E' da qualche anno ormai che Clint Eastwood non si preoccupa più di tenere alti i suoi standard: quelli di inizio duemila, quelli che lo hanno portato all'Oscar, quelli insomma del cinema che vale. E' da qualche anno ormai che, come Woody Allen, la sua preoccupazione è diventata principalmente il non restare fermo, il voler dirigere sempre, comunque e a prescindere, occupandosi ancora di Storia (americana), ma altalenando risultati accettabili ad altri appena sostenibili.

Probabilmente uno script schizofrenico come quello di "American Sniper" l'Eastwood di dieci anni fa non lo avrebbe preso neanche in considerazione, o magari si, ma esigendo forse pesanti modifiche in cui sarebbe andato ad affinare le intenzioni di una pellicola che invece si trova a saltare - a seconda dei sviluppi - di palo in frasca, toccando trasversalmente il biopic formale e poi il genere guerra più esplicito, curvando lentamente in quello più introspettivo, mentre affoga in una retorica e in un patriottismo tanto banali quanto stonati. E pensare che dietro le gesta di Chris Kyle - autore del libro da cui il film prende spunto nonché eroe americano, inviato in Iraq e soprannominato La Leggenda per la sua infallibilità da cecchino - inizialmente, volontariamente o meno, apparivano nitidi alcuni tratti tipici delle pellicole dedicate ai supereroi: con la fase iniziale incentrata sulla ricerca di un identità personale, quella centrale in cui fuoriusciva la sua esplosione di talento e senso del dovere e la finale (larga) miscelata tra amore impossibile da coltivare e nemesi speculare da sconfiggere. In mezzo l'America, le Torri Gemelle, la disumanità della guerra e il nemico dipinto nettamente come male nudo e crudo. Un lavoro assai inedito e spiazzante per Eastwood, dunque, in cui non viene neppure risparmiata la variante del ritornello paterno da un grande potere derivano grandi responsabilità, che qui diventa una parabola su pecore, lupi e cani da pastore, dove gli ultimi sono chiaramente l'esemplare migliore da seguire perché, in maniera disinteressata, sa prendersi cura dei primi proteggendoli dai secondi.
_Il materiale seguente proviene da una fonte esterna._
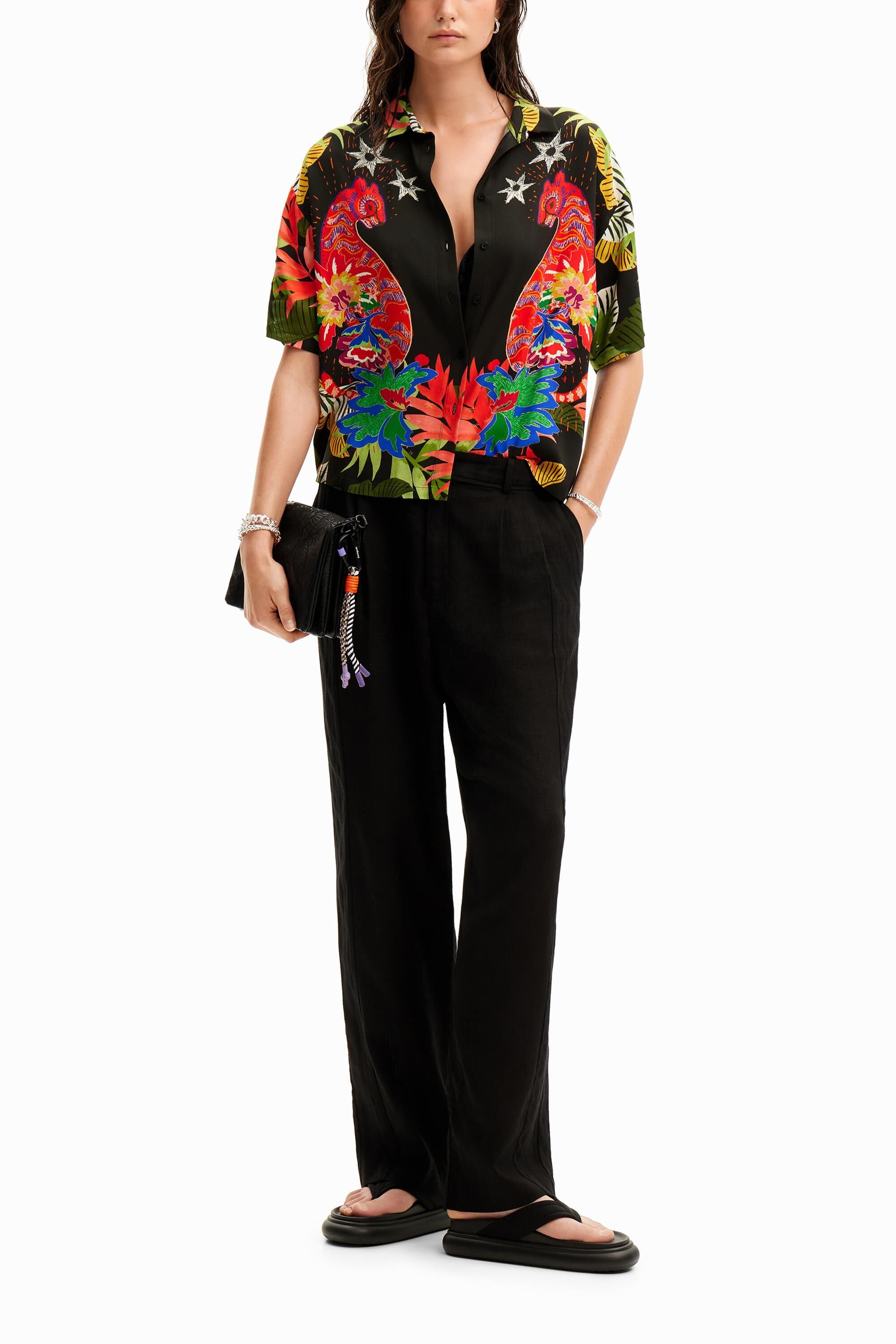 【新品】Desigual カラフルアロハ風クロップドシャツ・L・稀少 新品】Desigual カラフルアロハ風クロップドシャツ・L・稀少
Eppure neanche questo, scopriamo, essere un obiettivo che la pellicola intende seguire fino in fondo.

D'altronde di spunti "American Sniper" ne contiene parecchi, è evidente, ognuno di loro proveniente da un territorio non sostenibile o sconosciuto all'altro. L'errore che impedisce perciò il suo funzionamento, risiede più nella volontà di costringere questi spunti a dover collaborare (o convivere) tra loro, cercando una serenità e un amalgama inesistenti, per favorire le sorti di un racconto che, al contrario, accusa disomogeneità e assume forme incompiute e irregolari, praticamente impossibili da assemblare. La vera notizia quindi potrebbe essere il palese disinteresse ostentato da Eastwood nell'intero contesto. Lui, uno che il cinema lo conosce meglio delle sue tasche, ma che ultimamente anziché partecipare attivamente ai progetti che avalla, si limita sostanzialmente a dirigerli senza troppe domande, evitando di notificare, o magari correggere, quelle evidenti discordanze che dovrebbe intuire ad orecchio e sistemare a schiocco di dita.
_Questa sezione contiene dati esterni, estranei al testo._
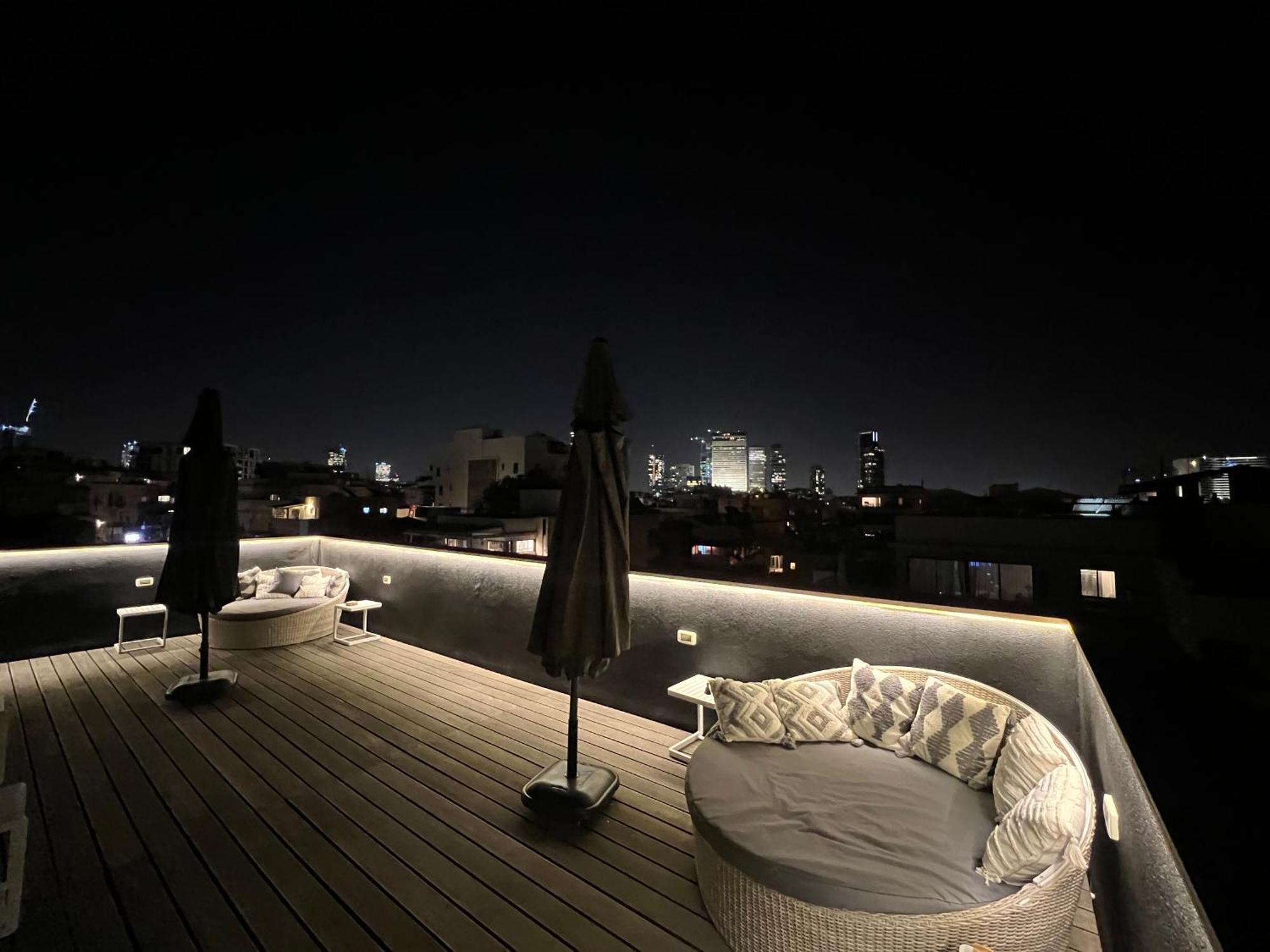 Beer Garden Hotel Tel Aviv Bagian luar foto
Chissà se il suo carattere scorbutico, provocatore e tendenzialmente adatto a stimolare il pubblico - nel bene e nel male - da qualche parte esista ancora o se è stato nascosto, chiuso a chiave, dentro un cassetto segreto. Questo "American Sniper", in fondo, è l'ennesimo suo prodotto né carne né pesce, che non va da nessuna parte e porta con sé anche l'aggravante di essere spudoratamente pro-americano, ai limiti della tolleranza.
Se questo è ciò che è rimasto al regista di "Gran Torino" sinceramente saremmo più felici se si mettesse da parte, considerando che cinema di questo livello andrebbe limitato e non incoraggiato.